# Task statement
Please transcribe exactly the lines from the line holding "Napapijri - Aylmer" through the end of the data below, and skip any pictures.

# Given material
========================
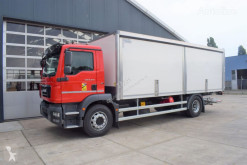 Caminhões MAN TGM 18.240 BL CLOSED BOX TRUCK furgão novo
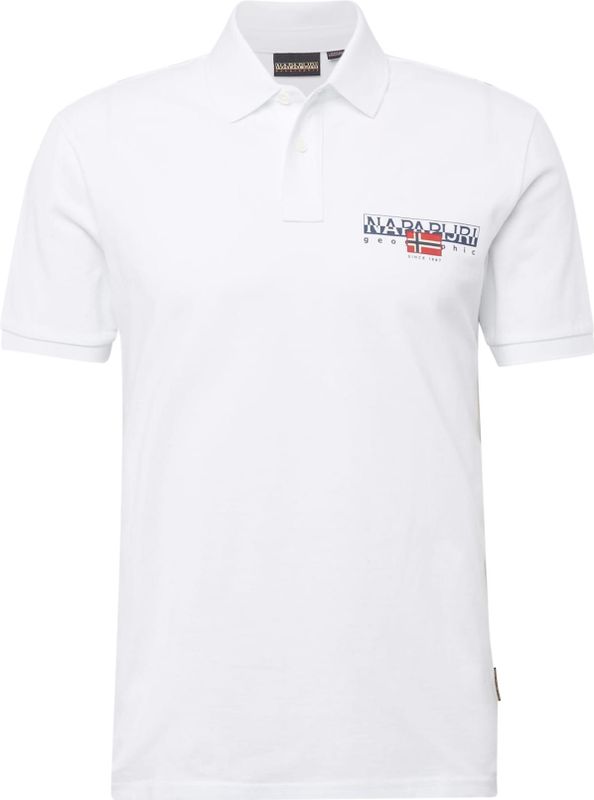 Napapijri - Aylmer - Poloshirt - Zwart - Katoen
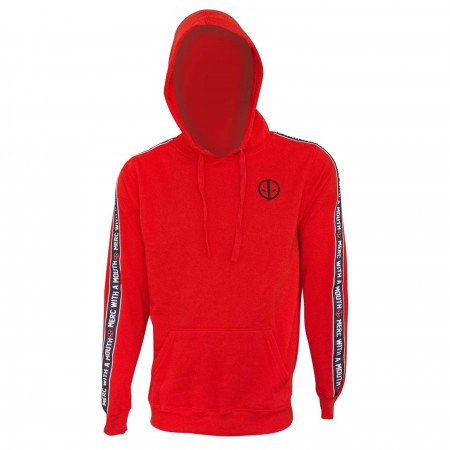 Deadpool Icon High Def Men's Hoodie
========================
# Response area
 Napapijri - Aylmer - Poloshirt - Zwart - Katoen
 Deadpool Icon High Def Men's Hoodie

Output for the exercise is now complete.